Partnership is the relation which subsists between persons
carrying on business in common with a view of profit.
Section 6 of
the Partnership Act defines "business" to
include any trade, occupation or profession.
[23] In
considering whether the Appellants constituted a partnership the
following points should be noted:
(a)
The Appellants registered with the CCRA as a Partnership for the
purpose of the Act.
(b)
GST returns were filed by the Partnership with respect to the
sale of Lot 1 and Lot 4 and GST was paid by the Partnership on
these sales.
(c)
All four Appellants were co-owners of the five lots that were
created by the subdivision.
(d)
All four Appellants transferred the three lots (Lot 1, Lot 2 and
Lot 4) to third parties.
(e)
The Appellants realized a profit on the sale of the three lots to
third parties (Note: Original cost of land $300,000.00).
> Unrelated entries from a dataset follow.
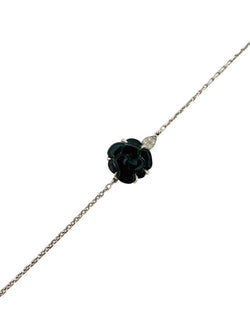 Bracelet CHANEL Camélia en or blanc, onyx et diamants - Castafiore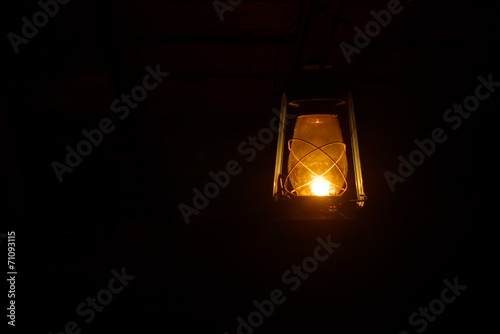 old lamp shine in the dark photo
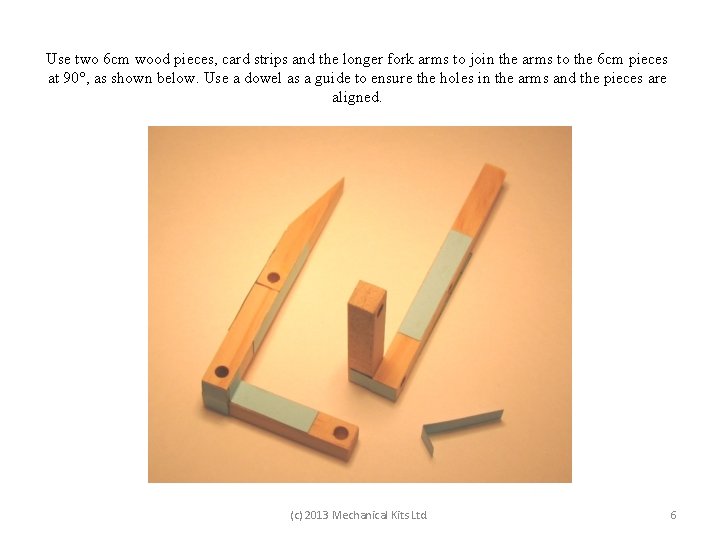 Use two 6 cm wood pieces, card strips and the longer fork arms to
Amount
received by the Appellants from the sale of the three
lots:
Lot
1
$146,000.00
Lot
2
$205,000.00
Lot
4
$128,000.00
$479,000.00
Gross Profit $479,000.00 - $300,000.00 = $179,000.00 (Note: This
profit of $479,000.00 does not recognize the value of Lot 3 and
Lot 5 transferred to the Appellants).
Lot
3
$128,000.00
Lot
5
$128,000.00
$256,000.00
In summary
the Appellants purchased the Property for $300,000.00. After the
subdivision the five lots created by the subdivision had an
estimated fair market value of $479,000.00 + $256,000.00 or
$735,000.00.
[24] In my
opinion the Appellants were engaged in a business with a view of
sharing in the profit when they subdivided the Property and
transferred three lots to third parties and transferred Lot 3 to
the Siblings and Lot 5 to Mr. and Mrs. Ko. I have also concluded
that the Appellants were operating as a partnership when they
subdivided the Property and sold the five lots as outlined
above.
[25] Section 133
of the Act defines "Agreement" as supply as
follows:
Agreement as supply - For the purposes of this Part, where an agreement is
entered into to provide property or a service,
(a) the entering into of the agreement shall be deemed to be a
supply of the property or service made at the time the agreement
is entered into; and
(b) the provision, if any, of property or a service under the
agreement shall be deemed to be part of the supply referred to in
paragraph (a) and not a separate supply.
[26] In this
situation the Property in question i.e., Lot 3 was transferred by
the Partnership to the Siblings on December 1, 1998 and Lot 5 was
transferred by the Partnership to Mr. and Mrs. Ko in October
1998. Pursuant to section 133 of the Act the transfer of
Lot 3 is deemed to be a supply of the Property in December 1998
and the transfer of Lot 5 is deemed to be a supply of the
Property in October 1998.
[27] For the
purposes of the period in question "taxable supply" is
defined in subsection 123(1) of the Act to
mean:
"taxable supply" means a supply that is
made in the course of a commercial activity;
Since I have
concluded that the supply was made by the Partnership in the
course of a business or commercial activity as defined in
subsection 123(1) of the Act, we must determine whether
the supply is an exempt supply.
[28]
"Exempt supplies" are defined in subsection 123(1) of
the Act as those supplies included in Schedule V of the
Act. Part 1 of Schedule V concerns supplies of real
property. This provision distinguishes between supplies made by
builders and supplies made by persons who are not
builders.
[29] The
exemption from "builder" status for individuals found
in subsection 123(1)(b) does not apply to the Partnership
because as noted above an "individual" is defined in
subsection 123(1) as a natural person, which the Partnership is
not.
[30] The
Appellant maintains that the supply of Lot 5 comes within the
section 3 exempt category. "Residential complex"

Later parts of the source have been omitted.